Abstract: Composed Image Retrieval (CIR) enables editable image search by integrating a query pair—a reference image ref and a textual modification mod—to retrieve a target image tar that reflects the intended change. While existing CIR methods have shown promising performance using well-annotated triplets ref,mod,tar, almost all of them implicitly assume these triplets are accurately associated with each other. In practice, however, this assumption is often violated due to the limited knowledge of annotators, inevitably leading to incorrect textual modifications and resulting in a practical yet less-touched problem: noisy triplet correspondence (NTC). To tackle this challenge, we propose a Task-oriented Modification Enhancement framework (TME) to learn robustly from noisy triplets, which comprises three key modules: Robust Fusion Query (RFQ), Pseudo Text Enhancement (PTE), and Task-Oriented Prompt (TOP). Specifically, to mitigate the adverse impact of noise, RFQ employs a sample selection strategy to divide the training triplets into clean and noisy sets, thus enhancing the reliability of the training data for robust learning.
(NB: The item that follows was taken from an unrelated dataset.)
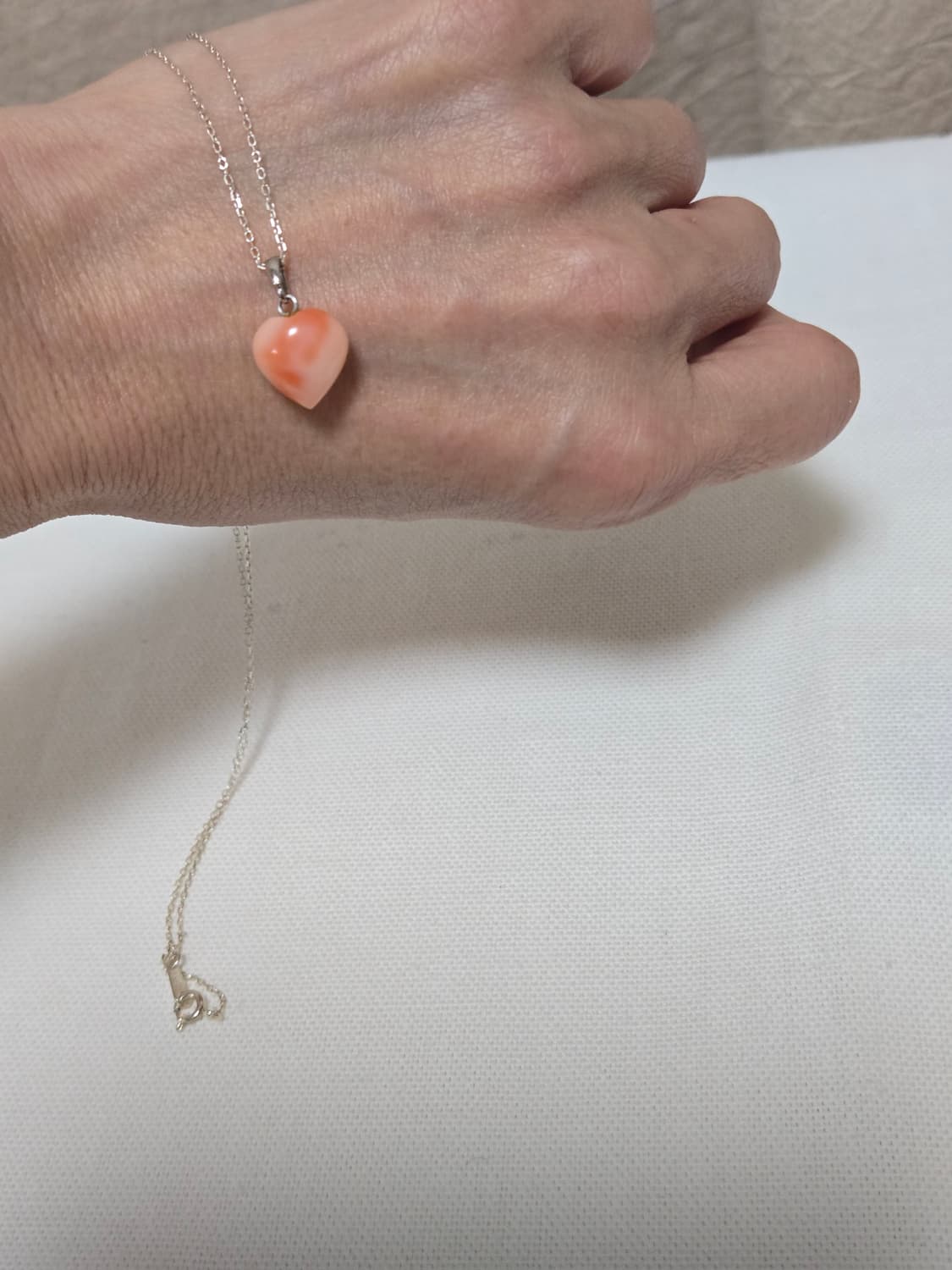 S925 Coral Tone Chalcedony Heart Necklac 상품이미지7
To further leverage the noisy data instead of discarding it, PTE unifies the triplet noise as an adapter mismatch problem, thereby adjusting mod to align with ref and tar in the mismatched triplet. Finally, TOP replaces ref in the clean set with a trainable prompt, which is then concatenated with mod to form a query independent of the visual reference, aiming to mitigate visually irrelevant noise. Extensive experiments are conducted on two domain-specific datasets to demonstrate the robustness and superiority of our TME for the CIR task, particularly in noisy scenarios.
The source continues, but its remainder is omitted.